Results assessed subjective pain score at baseline and at four hours between the two groups. The femoral nerve block group had a statistically significant (p<0.001) decrease in pain at four hours compared to the morphine-only group with a subjective pain score of 8.0 and 8.3 respectively at baseline to 4.0 and 8.0 respectively four hours later. Secondary outcome looked at amount of rescue analgesia required between the two groups. The femoral nerve group required less rescue analgesia than the morphine-only group with p 0.028 with a range of 2-6mg morphine equivalents in the femoral nerve block group and 2-21mg morphine equivalents in the morphine only group. Of note there were no differences between the rates of hypotension, hypoxia, nausea or vomiting between the two groups. Overall impact: Shows statistically significant improvement in the patients’ perceived pain over time with the femoral nerve blocks. Also shows decrease in the amount of parenteral opioids required, however both groups had similar rates of hypotension, hypoxia, nausea and vomiting.

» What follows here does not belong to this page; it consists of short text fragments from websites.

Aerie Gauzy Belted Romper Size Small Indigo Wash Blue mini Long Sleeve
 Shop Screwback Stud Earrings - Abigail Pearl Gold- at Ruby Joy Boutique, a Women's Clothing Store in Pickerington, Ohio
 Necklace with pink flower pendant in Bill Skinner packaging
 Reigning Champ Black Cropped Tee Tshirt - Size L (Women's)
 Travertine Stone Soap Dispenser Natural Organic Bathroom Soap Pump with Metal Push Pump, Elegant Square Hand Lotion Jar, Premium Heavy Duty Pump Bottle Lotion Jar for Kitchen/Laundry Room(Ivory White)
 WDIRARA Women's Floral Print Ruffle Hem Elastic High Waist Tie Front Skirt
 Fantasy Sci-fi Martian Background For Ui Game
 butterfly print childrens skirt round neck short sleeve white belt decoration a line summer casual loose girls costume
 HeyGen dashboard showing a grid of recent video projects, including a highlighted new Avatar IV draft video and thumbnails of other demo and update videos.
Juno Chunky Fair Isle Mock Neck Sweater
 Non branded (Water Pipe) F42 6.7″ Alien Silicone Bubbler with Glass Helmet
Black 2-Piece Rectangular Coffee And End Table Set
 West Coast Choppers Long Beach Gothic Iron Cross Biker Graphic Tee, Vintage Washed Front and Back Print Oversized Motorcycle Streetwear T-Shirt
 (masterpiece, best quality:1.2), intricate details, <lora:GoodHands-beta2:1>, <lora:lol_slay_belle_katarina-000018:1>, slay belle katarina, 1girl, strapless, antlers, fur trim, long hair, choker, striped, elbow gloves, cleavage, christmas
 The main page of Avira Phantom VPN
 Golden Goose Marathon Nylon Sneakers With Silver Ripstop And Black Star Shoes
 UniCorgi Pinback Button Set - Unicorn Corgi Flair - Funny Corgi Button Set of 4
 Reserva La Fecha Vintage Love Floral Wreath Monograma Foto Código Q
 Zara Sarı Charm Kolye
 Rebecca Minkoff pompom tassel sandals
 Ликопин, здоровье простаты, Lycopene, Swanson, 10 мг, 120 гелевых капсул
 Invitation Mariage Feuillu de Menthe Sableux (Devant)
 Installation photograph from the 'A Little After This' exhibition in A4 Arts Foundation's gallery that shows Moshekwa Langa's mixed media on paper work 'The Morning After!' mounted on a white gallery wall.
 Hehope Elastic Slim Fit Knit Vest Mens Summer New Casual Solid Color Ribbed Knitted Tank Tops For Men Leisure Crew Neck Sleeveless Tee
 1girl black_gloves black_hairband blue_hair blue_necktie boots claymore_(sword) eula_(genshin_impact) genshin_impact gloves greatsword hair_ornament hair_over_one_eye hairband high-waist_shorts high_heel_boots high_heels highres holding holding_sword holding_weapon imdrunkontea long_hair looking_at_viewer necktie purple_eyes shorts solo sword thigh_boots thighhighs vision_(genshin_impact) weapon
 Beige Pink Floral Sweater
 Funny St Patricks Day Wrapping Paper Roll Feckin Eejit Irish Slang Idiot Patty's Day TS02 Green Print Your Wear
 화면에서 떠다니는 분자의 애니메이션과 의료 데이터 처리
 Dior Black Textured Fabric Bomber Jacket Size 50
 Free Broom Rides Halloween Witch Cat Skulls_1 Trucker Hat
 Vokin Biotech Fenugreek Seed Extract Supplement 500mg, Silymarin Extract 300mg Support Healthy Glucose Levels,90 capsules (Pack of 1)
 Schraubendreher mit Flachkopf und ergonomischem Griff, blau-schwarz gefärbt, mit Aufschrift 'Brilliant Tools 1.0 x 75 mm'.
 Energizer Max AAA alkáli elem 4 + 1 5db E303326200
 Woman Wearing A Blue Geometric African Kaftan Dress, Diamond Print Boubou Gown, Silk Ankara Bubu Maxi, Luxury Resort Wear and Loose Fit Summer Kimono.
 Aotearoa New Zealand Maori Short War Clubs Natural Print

Limitation: Study did not have a standardized approach to the administration of rescue analgesia, which varied, between treating physicians and may account for the differences in the amount of rescue analgesia given. The study was not powered to assess adverse outcomes related to the femoral nerve blocks. While there is statistically significant reduction in pain in the femoral nerve group, one third of the patients had no improvement.
Overall femoral nerve blocks appear to be a good adjunct to parenteral analgesia and in the elderly population would possibly help reduce the amount of adverse effects caused by opioids and could be a useful tool for older patients with hip fractures.